I am using d3 to render a Mercator projection of a GeoJSON world map.
I would like to be able to use d3 to scale, and translate the map to known latitude and longitude values as the user steps through my application.
projection.center
(https://github.com/mbostock/d3/wiki/Geo-Projections#wiki-center) does what I'd like, combined with transition().duration()
, but this requires redrawing the map and therefore seems expensive to keep repeating. I would like to use the native translate()
and scale()
methods that come with SVG (https://developer.mozilla.org/en-US/docs/SVG/Attribute/transform).
I've found a few helpful examples, like Mike Bostock's (http://bl.ocks.org/mbostock/4699541), and useful questions, like the following about centering a map to a given GeoJSON object (Center a map in d3 given a geoJSON object), but I am struggling to wrap my head around them.

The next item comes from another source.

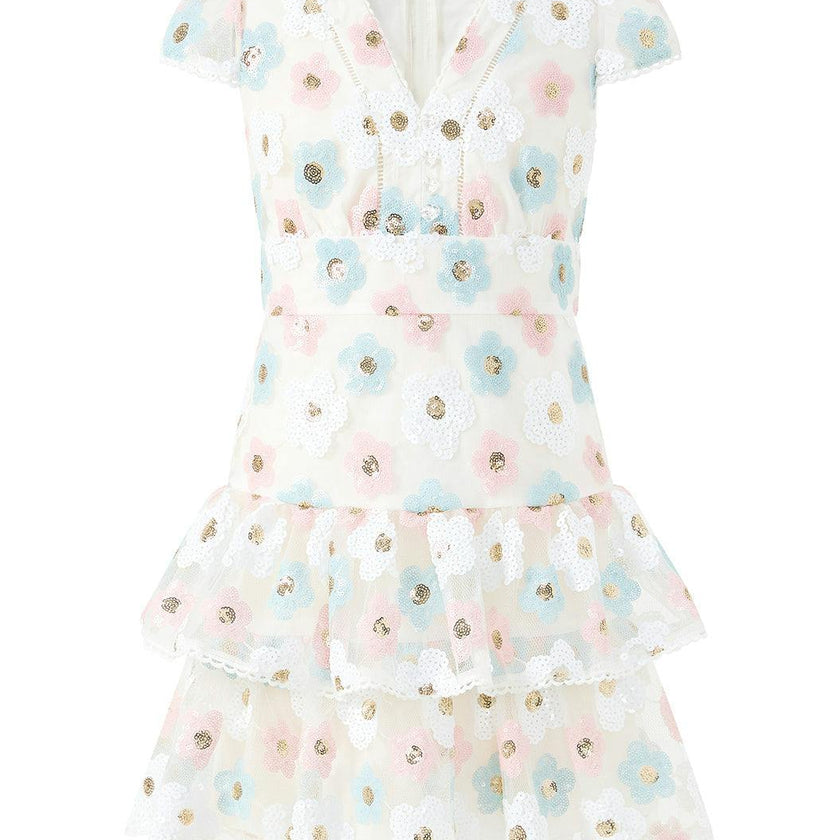 Gabrielle Frill Sequin Mini Dress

Please could someone help me center my projection to given latitude and longitude values using SVG's transform="translate(x, y)"
?
Many thanks in advance.
Edit @Lars: First of all, thank you. I have tried your suggestion, and movement occurs, but the projection appears to move too far. I have included a screenshot and my projection code, below:
var SFMap = {
initialise: function() {
var width = "752";
var height = "420";
SFMap.projection = d3.geo.mercator()
.scale(100)
.translate([width/2, height/2])
.center([0, 0]);
SFMap.path = d3.geo.path()
.projection(SFMap.projection);
SFMap.svg = d3.select("#sf__map")
.append("svg")
.attr("width", width)
.attr("height", height);
SFMap.g = SFMap.svg.append("g");
d3.json("world-110m.topo.json", SFMap.draw);
},
draw: function(error, topology) {
SFMap.g
.selectAll("path")
.data(topojson.feature(topology, topology.objects.countries)
.features)
.enter()
.append("path")
.attr("d", SFMap.path)
.attr("class", "feature");
},
(View full size)
The above occurs when translate
ing to London - 51.5171° N, 0.1062° W - using the following code:
var coordinates = SFMap.projection([0.1062, 51.5171]);
SFMap.g.attr("transform", "translate(" + (-coordinates[0]) + "," + (-coordinates[1]) + ")");
I have also tried inverting the values a second time.